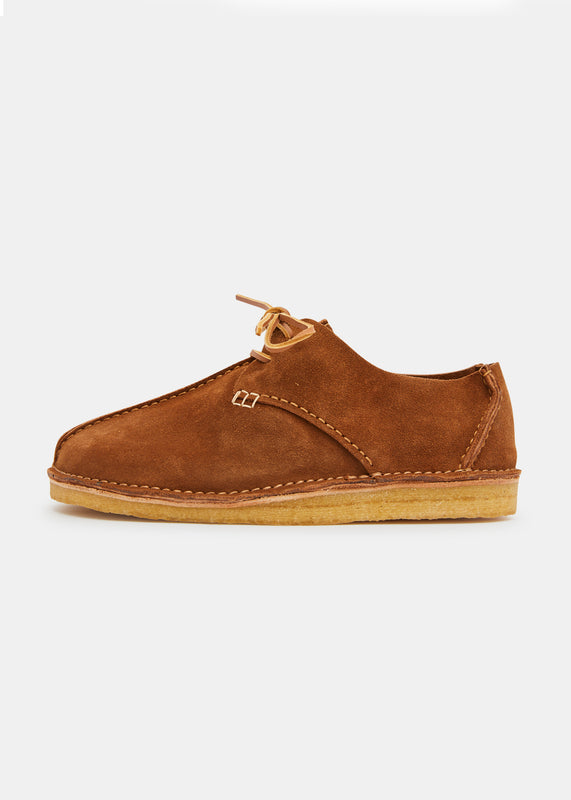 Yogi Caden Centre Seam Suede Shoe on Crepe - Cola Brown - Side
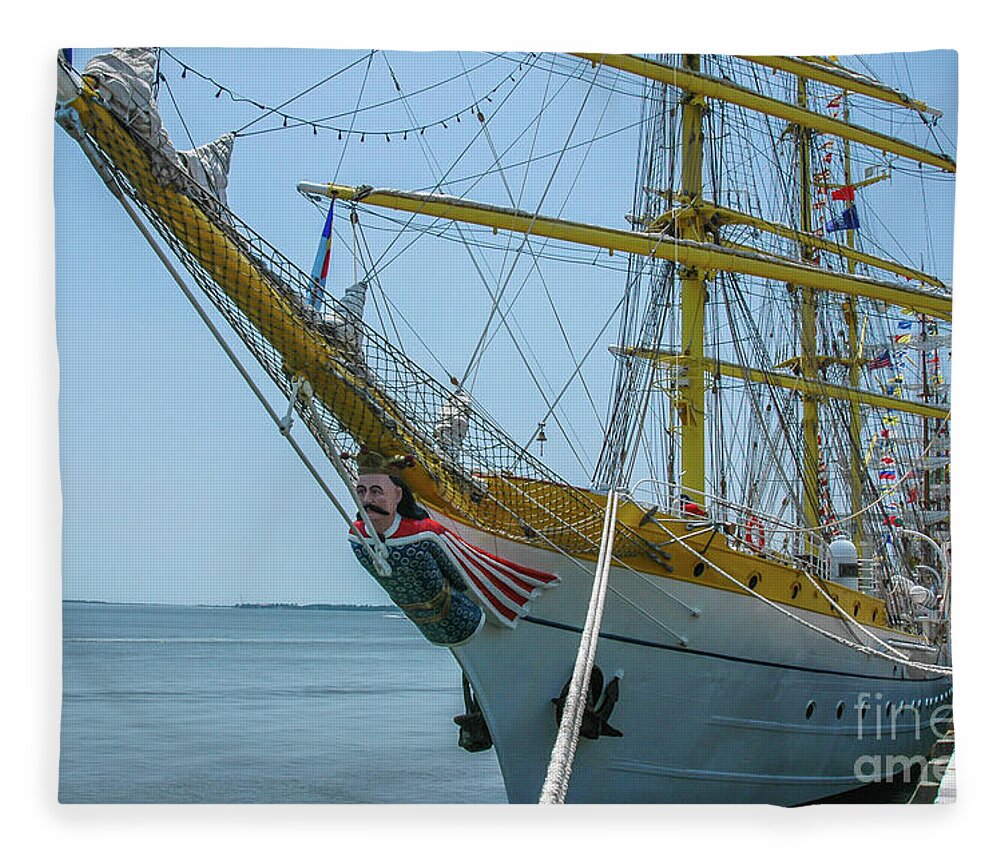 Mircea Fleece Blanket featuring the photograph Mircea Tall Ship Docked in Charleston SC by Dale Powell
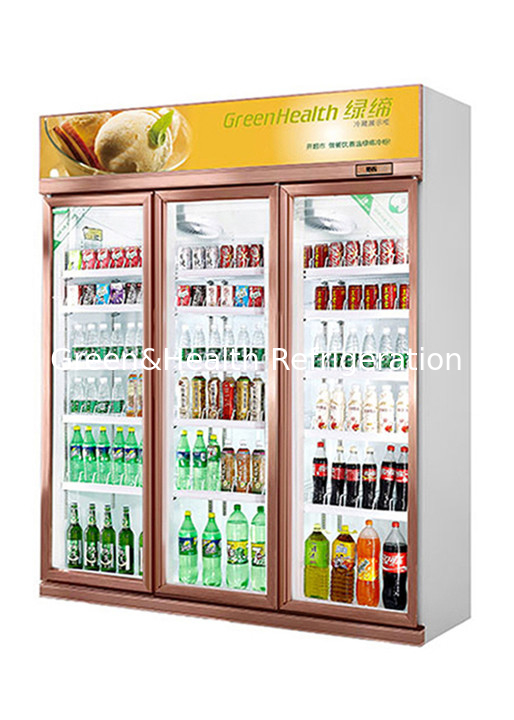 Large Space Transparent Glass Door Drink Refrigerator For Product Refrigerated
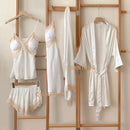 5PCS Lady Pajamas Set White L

· · ·

YOUR ASSIGNMENT> An exact reproduction of the data above is required, with every picture removed.

ANSWER TO THIS TASK>
 Yogi Caden Centre Seam Suede Shoe on Crepe - Cola Brown - Side
 Mircea Fleece Blanket featuring the photograph Mircea Tall Ship Docked in Charleston SC by Dale Powell
 Large Space Transparent Glass Door Drink Refrigerator For Product Refrigerated
 5PCS Lady Pajamas Set White L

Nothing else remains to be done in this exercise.